##### Information shown #####
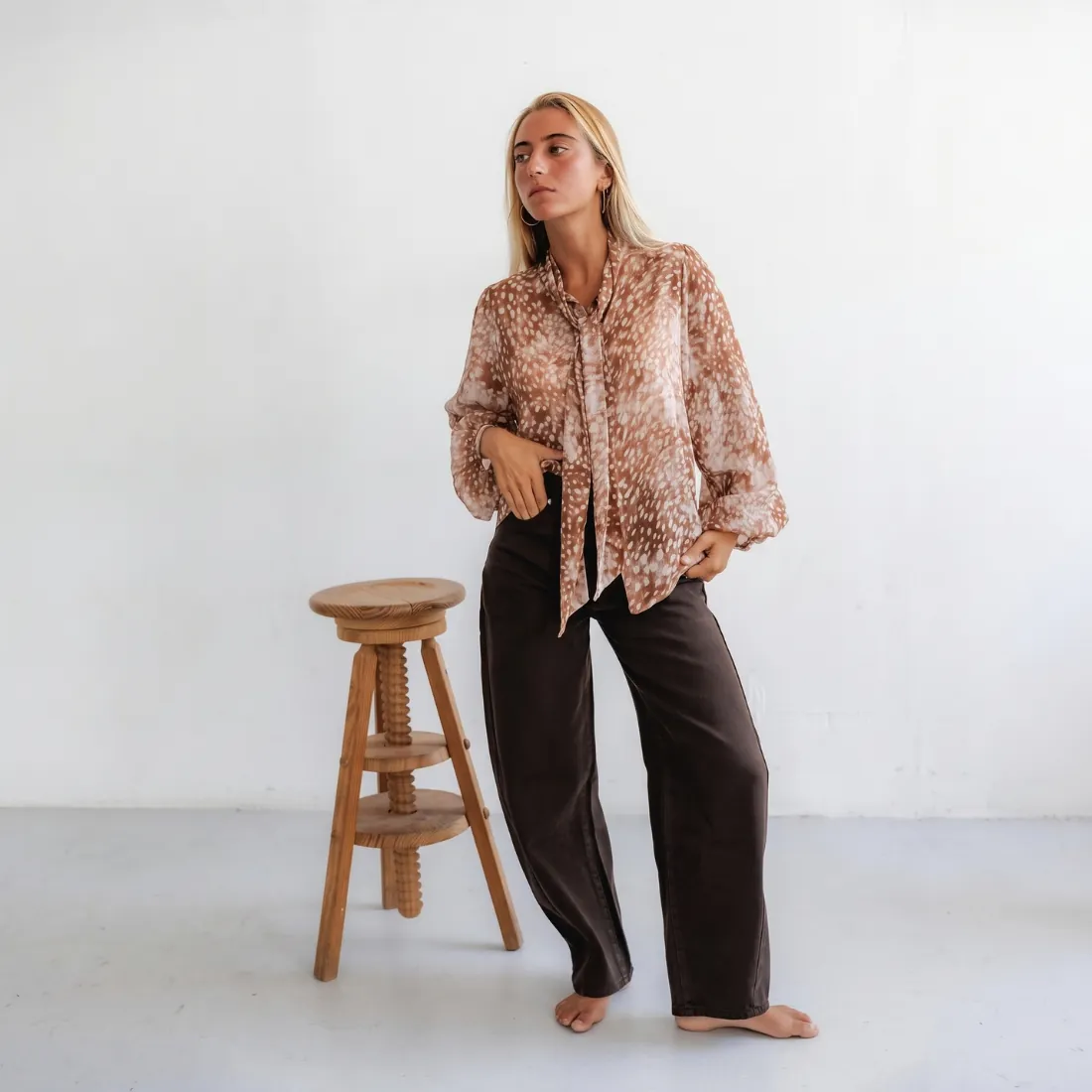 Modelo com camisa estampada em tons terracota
#####
##### Information shown #####
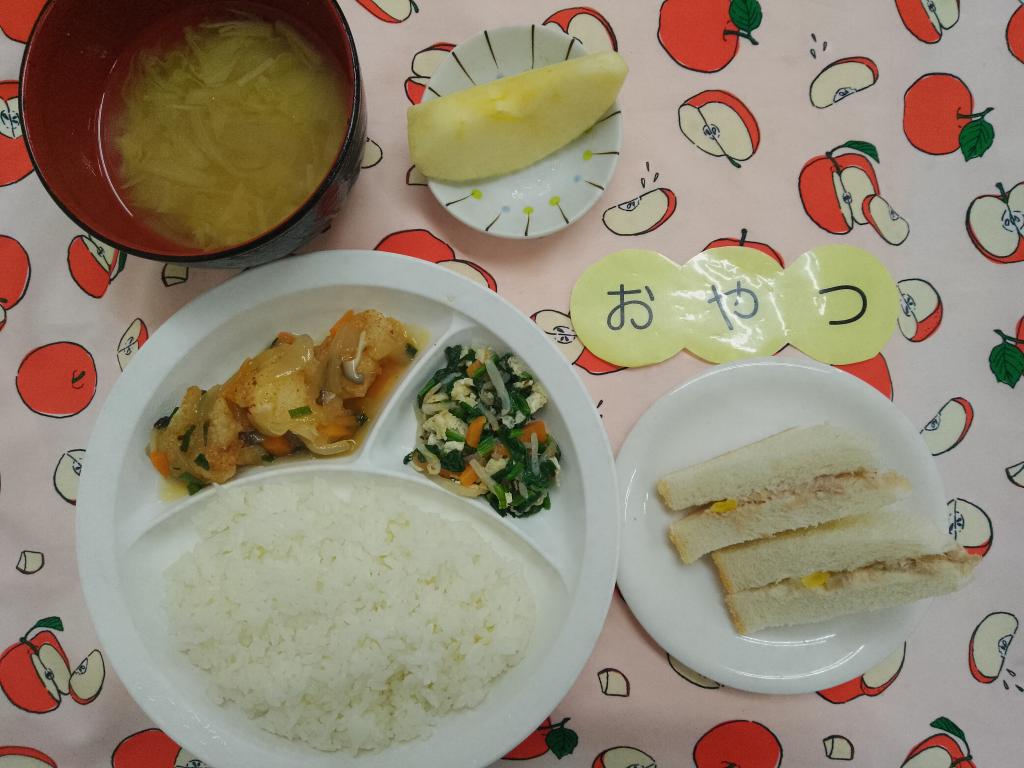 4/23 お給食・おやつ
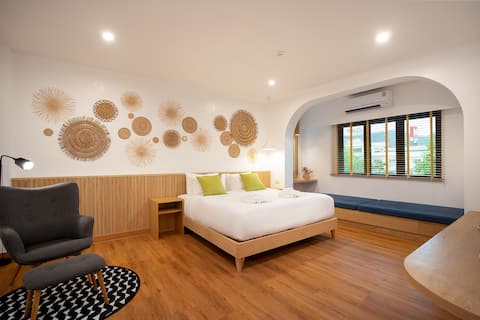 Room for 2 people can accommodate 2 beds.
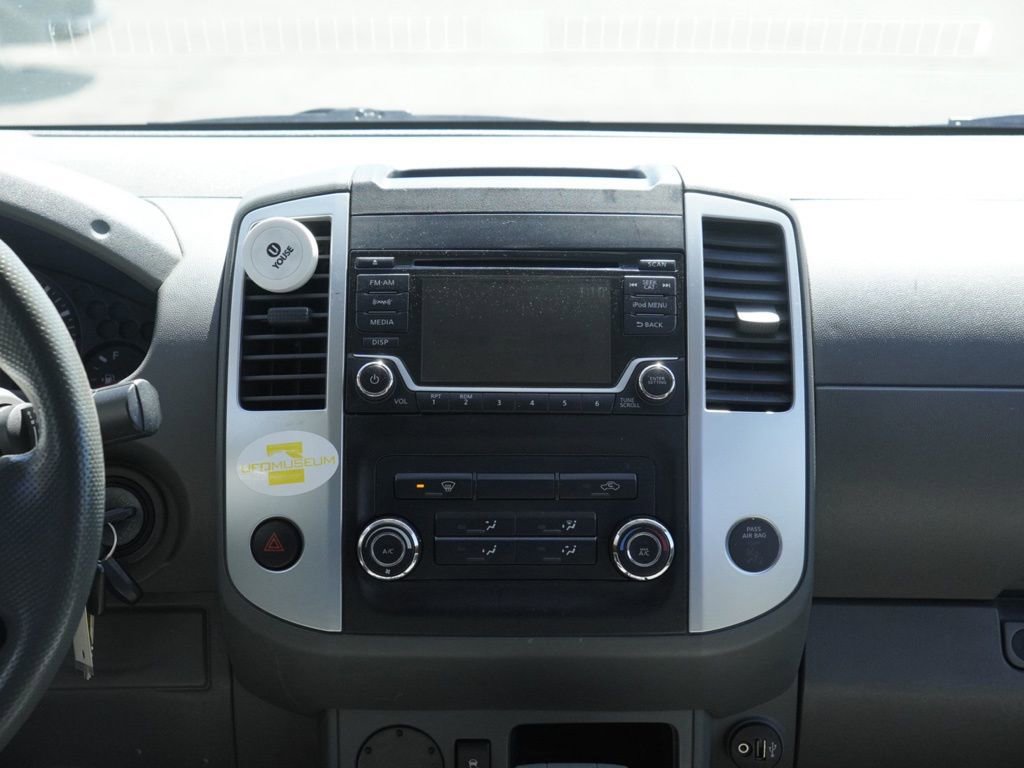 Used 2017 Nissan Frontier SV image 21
#####
Problem details:
For the material above, give again only the lines starting at the line that contains "Room for 2 people can accommodate 2 beds." and ending at the line that contains "Used 2017 Nissan Frontier SV image 21". Pictures do not belong in the copy.

Problem solution:
 Room for 2 people can accommodate 2 beds.
 Used 2017 Nissan Frontier SV image 21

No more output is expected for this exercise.